- Interactive map of South Surrey Athletic Park
- Type: Municipal
- Location: South Surrey, British Columbia
- Coordinates: 49°02′27″N 122°48′56″W﻿ / ﻿49.04083°N 122.81549°W
- Operator: City of Surrey

= South Surrey Athletic Park =

Park in British Columbia, Canada

South Surrey Athletic Park is a popular recreational park in the White Rock/South Surrey community. The park is bound by 18th avenue to the south, 148th street to the east, 24th avenue to the North and Sunnyside Urban Acres Forest to the west.

The park has three baseball diamonds, an indoor baseball training facility, tennis and volleyball courts, a number of grass and artificial turf soccer fields and an outdoor red urethane oval track. There are also four multi-purpose fields adjacent to Semiahmoo Secondary School that are commonly used for football, rugby and soccer. The park also has a skateboarding facility, an outdoor waterpark, a mountain bike park, a youth community centre and a Rotary Field house.

South Surrey Athletic Park is home to two large establishments: Softball City, a softball complex with four diamonds that is host to the annual Canada Cup international women's fastpitch tournament, and South Surrey Arena, a hockey arena that is home to the South Surrey Eagles.

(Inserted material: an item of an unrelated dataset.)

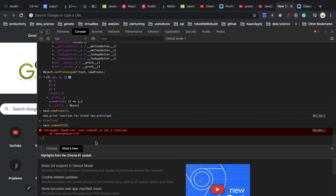From what I know, in web development you don't really need to deal with prototype a lot. But it will be helpful if you understand the theory and the mechanism behind the prototype, and it can be handy when you're coding.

Many other local teams play (or played) their home games at South Surrey Athletic Park, including: The White Rock Tritons of the B.C. Premier Baseball League, the Big Kahuna Rams, the Peace Arch Soccer Club, Coastal Football Club, and the Surrey Beavers and Bayside Sharks of the BC Rugby League.

Scenes from the 1998 film Air Bud: Golden Receiver were shot at South Surrey Athletic Park.